__Work request__: The material below holds pictures; leave them out and reproduce exactly the lines from the one with "20 Tim Ikuti Djarum Superliga Badminton 2017" through the one with "My Hero Academia", inclusive.

__Input material__:
● ● ● ● ●
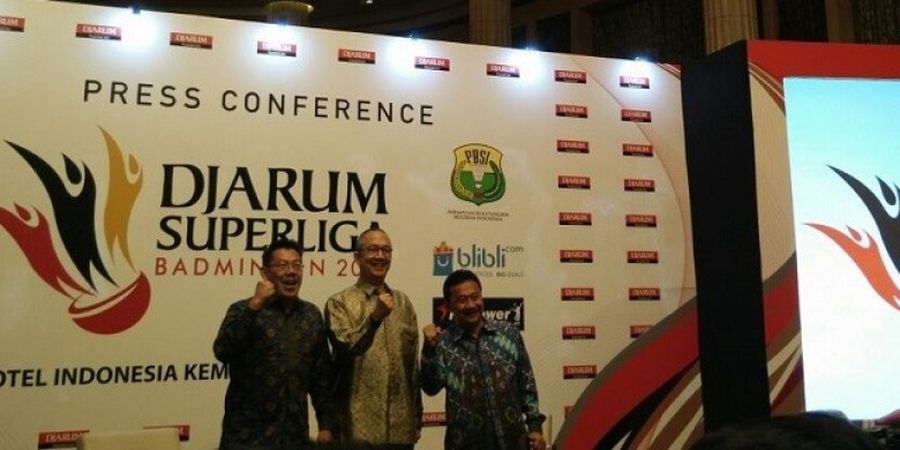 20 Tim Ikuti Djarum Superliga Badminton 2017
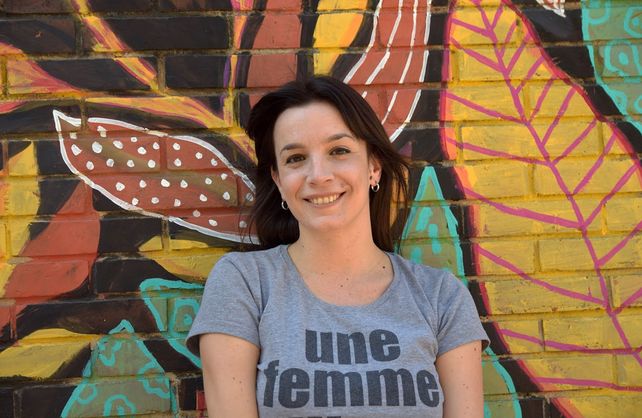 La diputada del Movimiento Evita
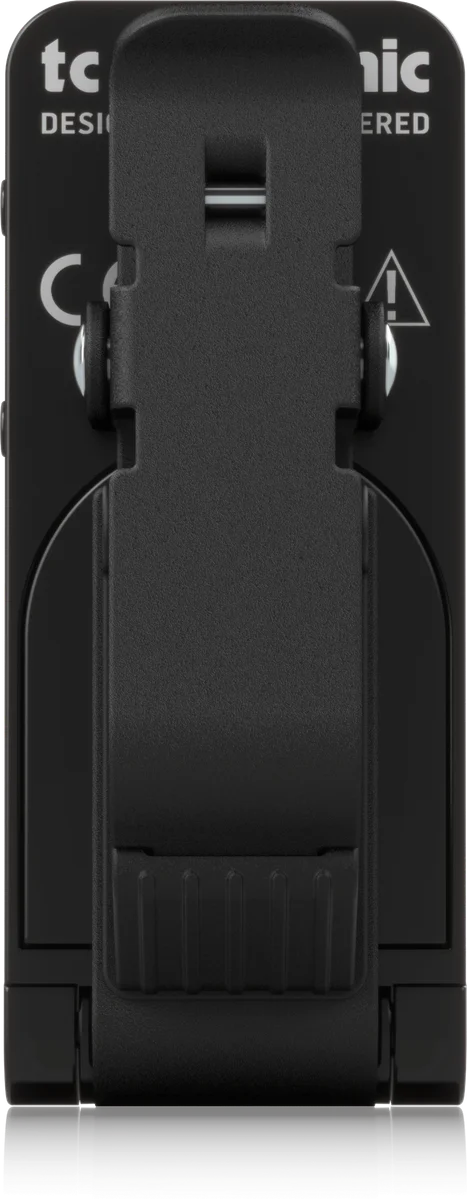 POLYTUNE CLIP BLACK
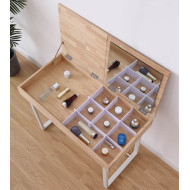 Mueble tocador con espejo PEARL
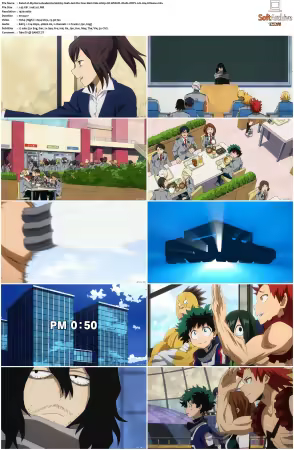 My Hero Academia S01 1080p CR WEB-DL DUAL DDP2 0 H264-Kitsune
● ● ● ● ●
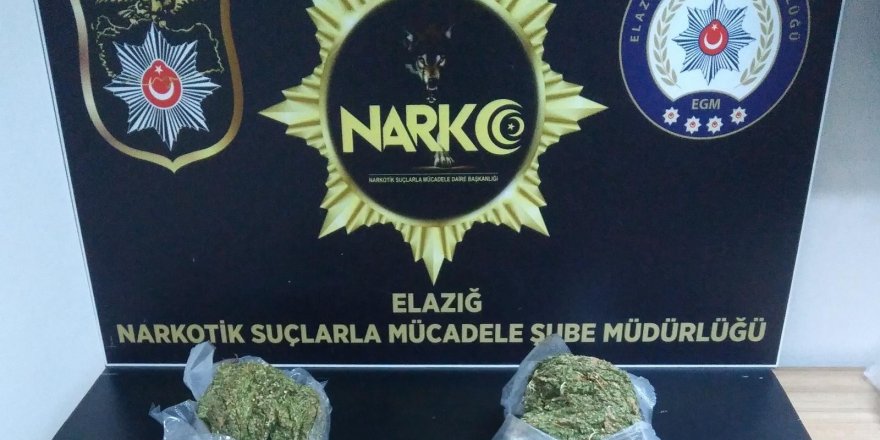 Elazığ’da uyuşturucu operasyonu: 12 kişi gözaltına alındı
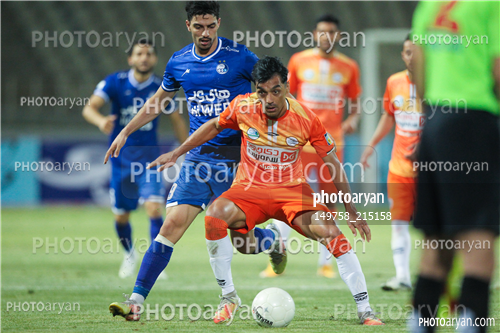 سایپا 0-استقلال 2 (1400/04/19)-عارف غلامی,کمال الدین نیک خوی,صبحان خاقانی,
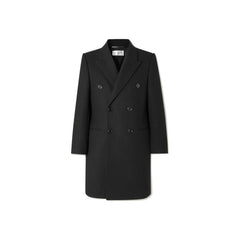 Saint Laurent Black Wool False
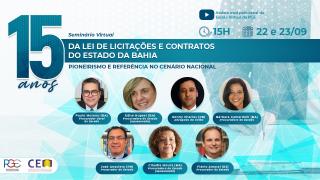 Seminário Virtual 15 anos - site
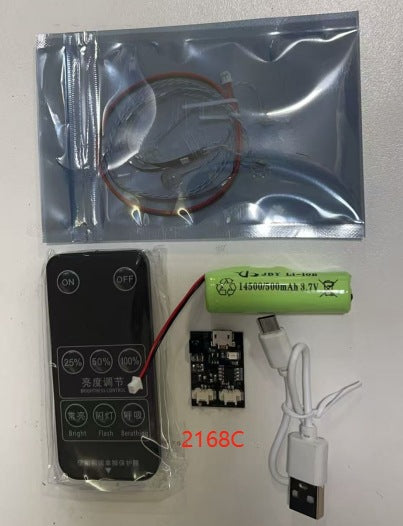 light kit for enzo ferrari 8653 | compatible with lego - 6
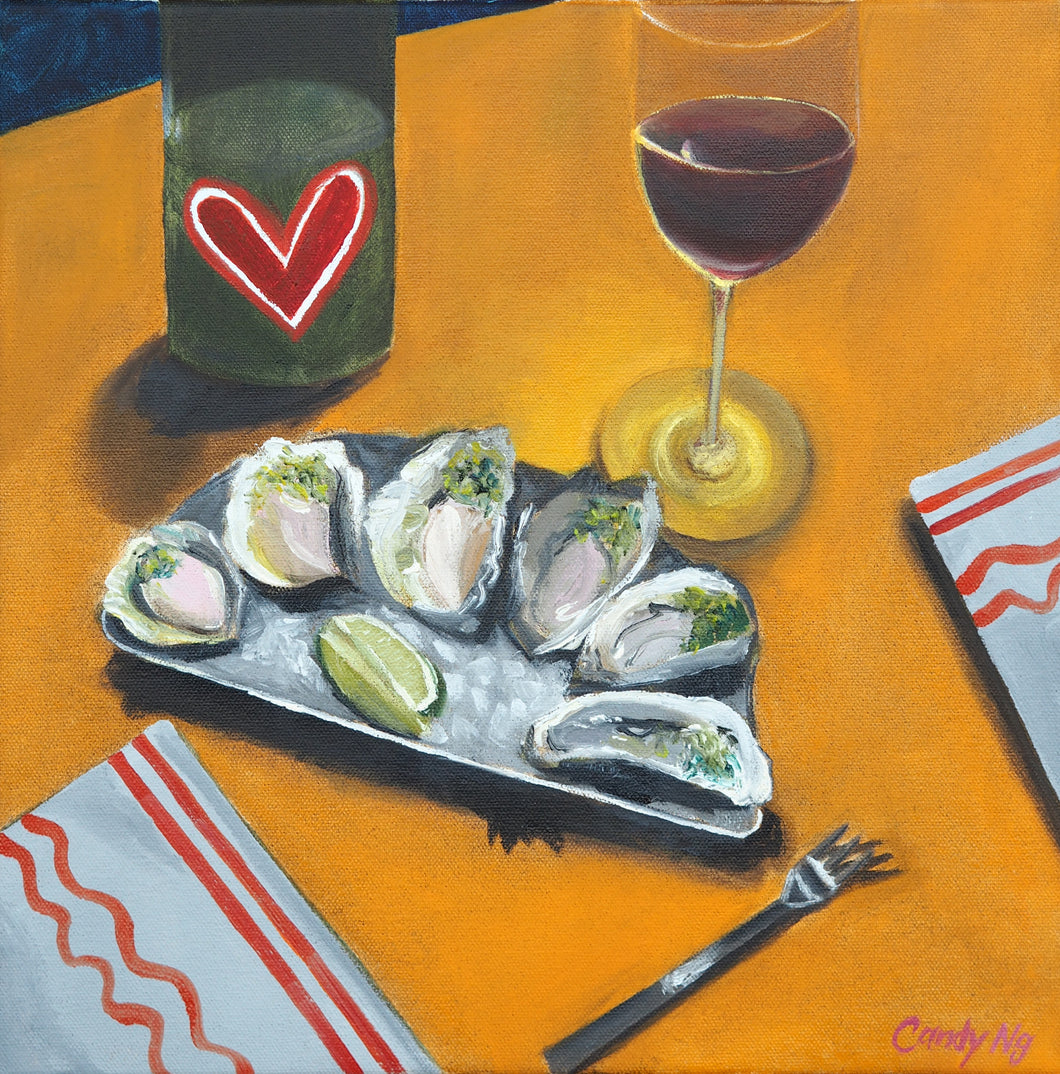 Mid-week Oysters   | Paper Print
● ● ● ● ●
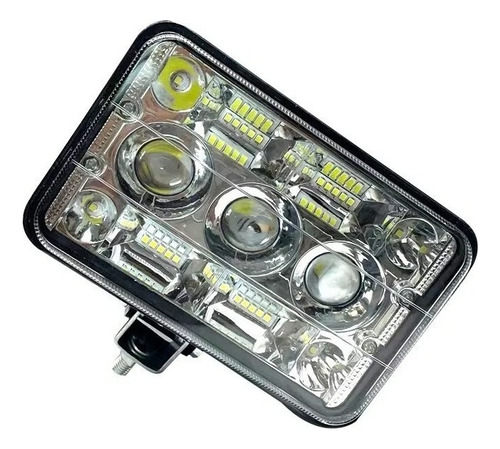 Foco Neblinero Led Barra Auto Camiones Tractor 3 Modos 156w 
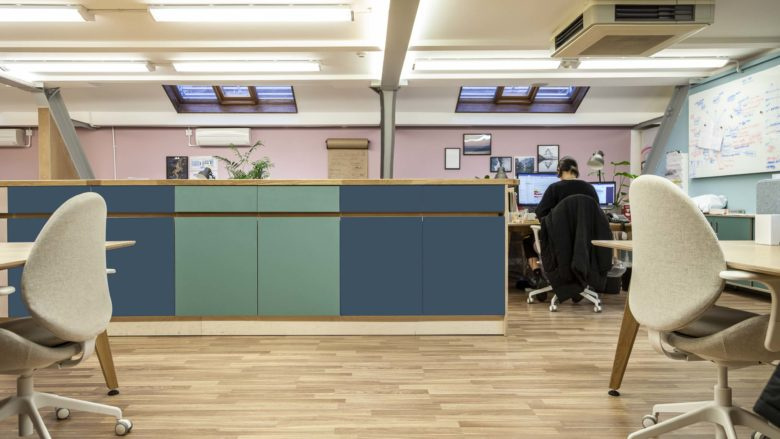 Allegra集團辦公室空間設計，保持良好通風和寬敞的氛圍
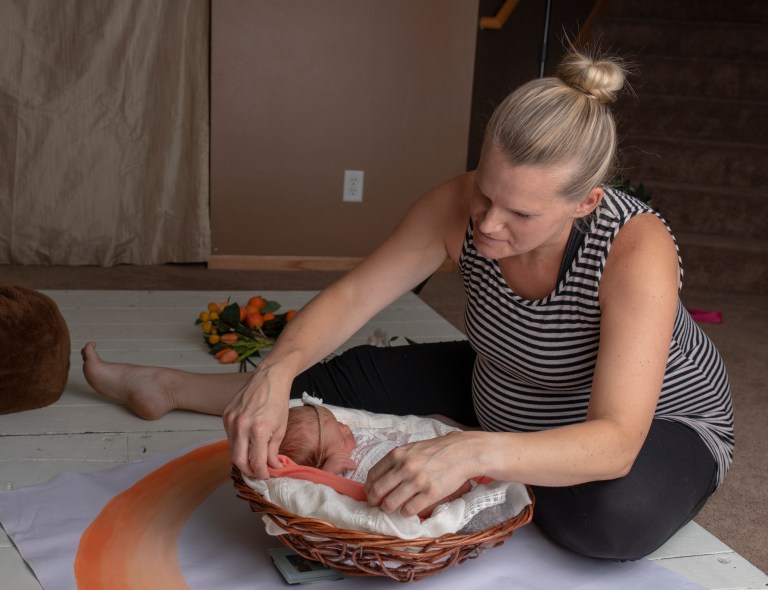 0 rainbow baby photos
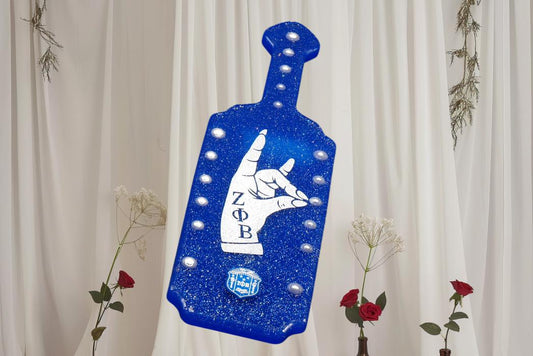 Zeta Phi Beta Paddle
● ● ● ● ●
__Your response__:
 20 Tim Ikuti Djarum Superliga Badminton 2017
 La diputada del Movimiento Evita
 POLYTUNE CLIP BLACK
 Mueble tocador con espejo PEARL
 My Hero Academia S01 1080p CR WEB-DL DUAL DDP2 0 H264-Kitsune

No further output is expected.